Another central question that Lawfare Project and the university will be expected to butt heads about when the amended lawsuit is filed is whether top officials simply knew that there was discrimination directed against Jewish students or whether they helped orchestrate it.
This was the issue where Judge Orrick said Lawfare Project needed to be more specific and narrow its focus to where it had more concrete evidence.
“We believe this is an orchestrated… series of events… they didn’t want to have the event [hosting Jerusalem Mayor Nir Barkat] happen… They decided to move it to a room that far fewer people would attend… they were ordered by the Dean of Students to tell the police to stand down and take no action, and that had the effect of… this speech being shut down… and nobody could hear the speech,” said Weisburst.
Weisburst added that Professor Rabab Abdulhadi, Dean Begley, Dean Monteiro and other officials were also involved in acts of “retaliation” against Jewish students for their views and events they organized.
The lawsuit was triggered following the alleged complicity of senior university administrators and police officers in the disruption of an April 2016 speech by Jerusalem Mayor Nir Barkat.
During that event, organized by the university’s Hillel group, Jewish students and audience members were allegedly “subjected to genocidal and offensive chants and expletives by a raging mob that used bullhorns to intimidate and drown out the mayor’s speech and physically threaten and intimidate members of the mostly Jewish audience.”
The lawsuit asserts that “campus police – including the chief – stood by, on order from senior university administrators who instructed the police to ‘stand down’ despite direct and implicit threats and violations of university codes governing campus conduct.”

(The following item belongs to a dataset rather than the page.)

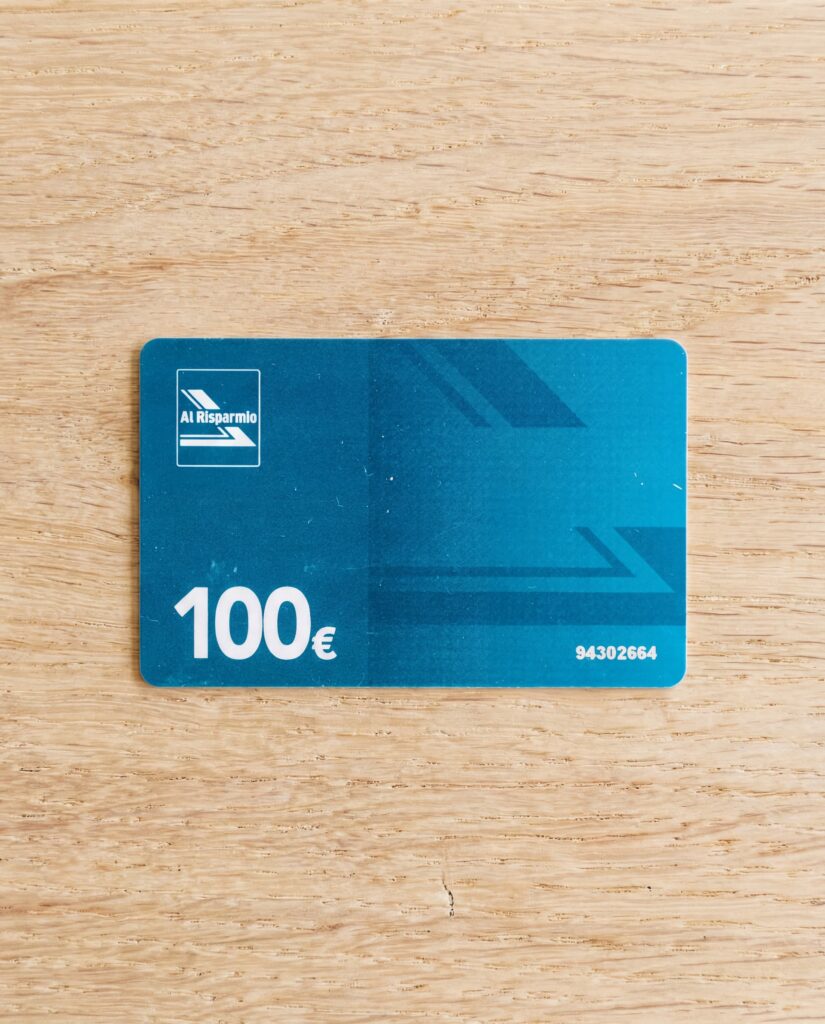 gift card di Al Risparmio da 100 euro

A JVP spokeswoman Tallie Ben Daniel rejected the Lawfare Project’s narrative in the case, stating: “Despite this lawsuit’s claims, this suit is not about protecting Jewish students from antisemitism, it is the latest in an ongoing effort to silence advocacy for Palestinian human rights on campuses.
“‘Pro-Israel’ organizations have… attempted to dissolve a Memorandum of Understanding between An-Najah University in the occupied West Bank and SFSU; persecuted Palestinian professors, and publicly harassed Palestinian students, arguing for distinguishing between criticism of the Israeli government… policies towards Palestinians, and anti-Jewish sentiment.”